◆ **Work to be completed**: Look for the word "WorkshopManuals" in the material below, then report each line where it occurs.

◆ **Data**:
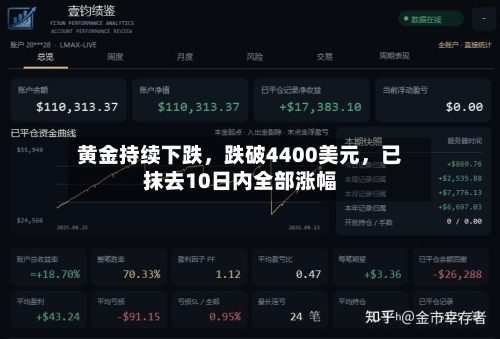 黄金持续下跌，跌破4400美元，已抹去10日内全部涨幅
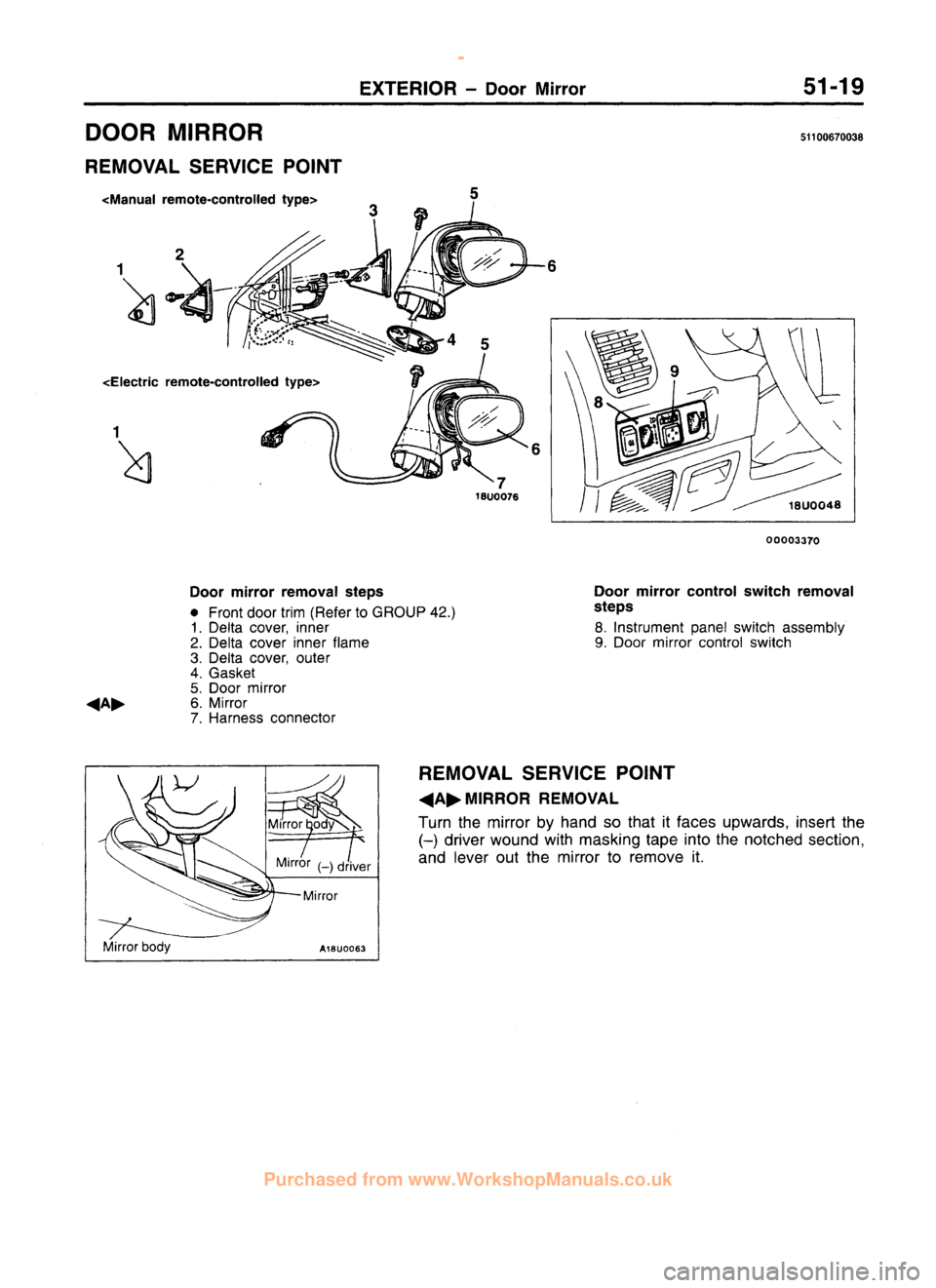 MITSUBISHI CARISMA 1995  Workshop Manual 
 
www.WorkshopManuals.co.uk

 
Purchased from www.WorkshopManuals.co.uk 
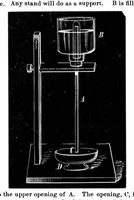 Picture 5 of 13 from Scientific American, Vol. 34, No. 21 (May 1876) (1876), leaf 5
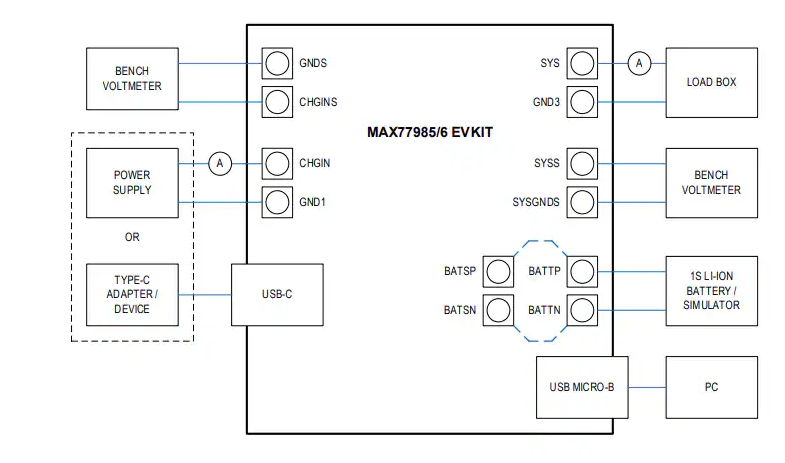 Analog Devices / Maxim Integrated MAX77985/MAX77986評估套件數據手冊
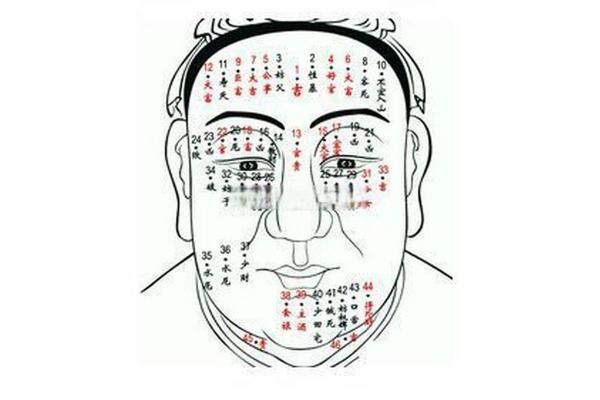 如何通过脸部痣相解读女性的运势
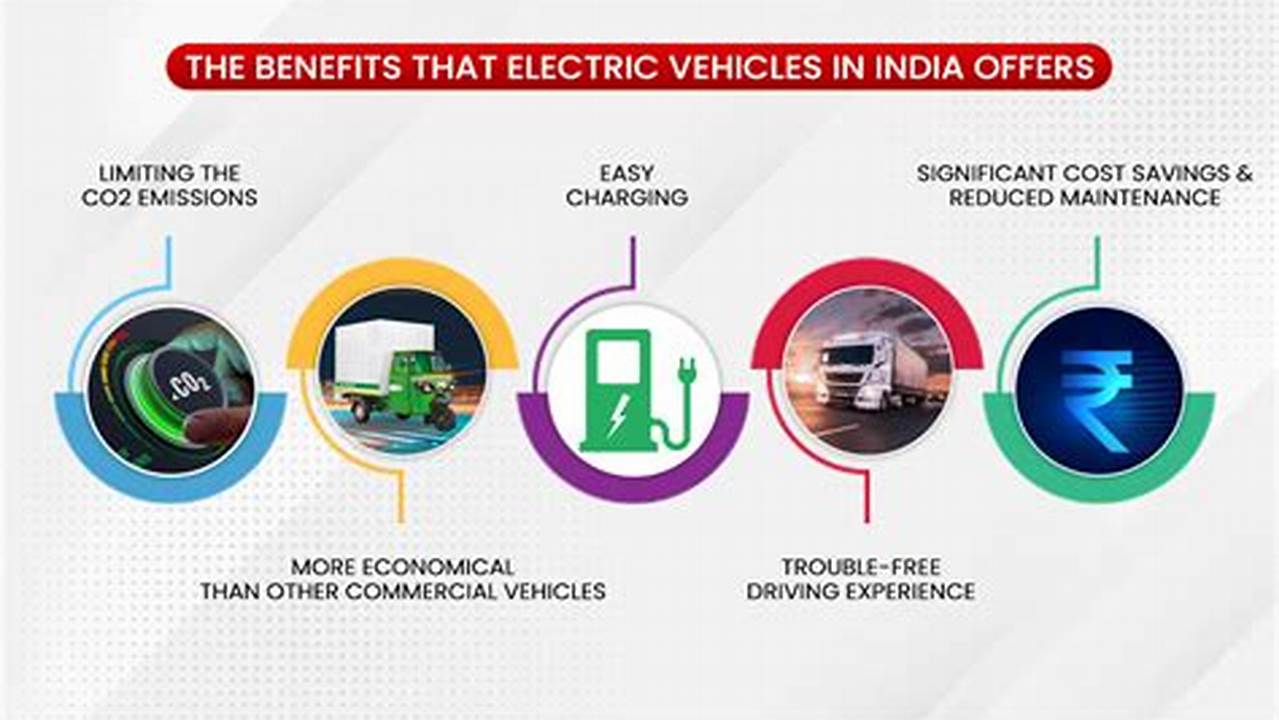 Aemo Insights Electric Vehicles In India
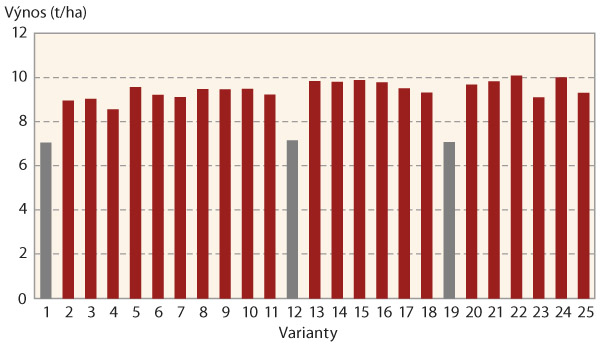  Graf 5: V&yacute;nos zrna p&scaron;enice, Kluky, 2018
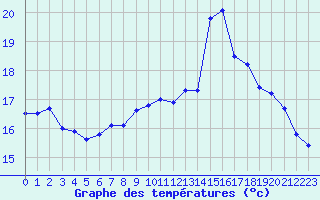 Courbe de tempratures pour Verngues - Hameau de Cazan (13)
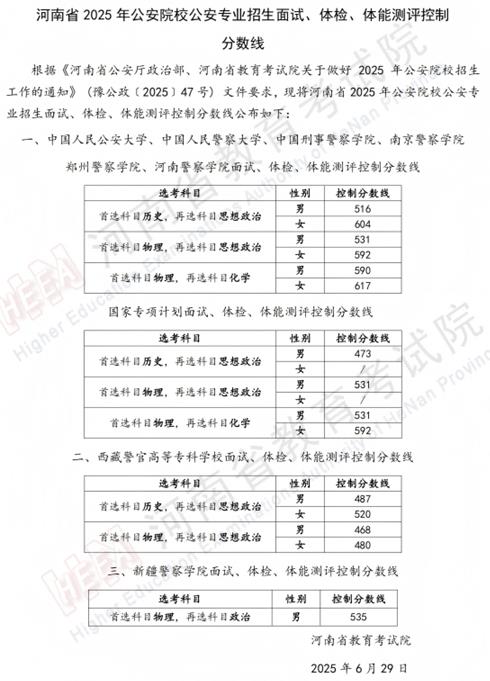 河南省2025年公安院校公安专业招生面试、体检、体能测评控制分数线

◆ **Written answer**:
www.WorkshopManuals.co.uk
Purchased from www.WorkshopManuals.co.uk 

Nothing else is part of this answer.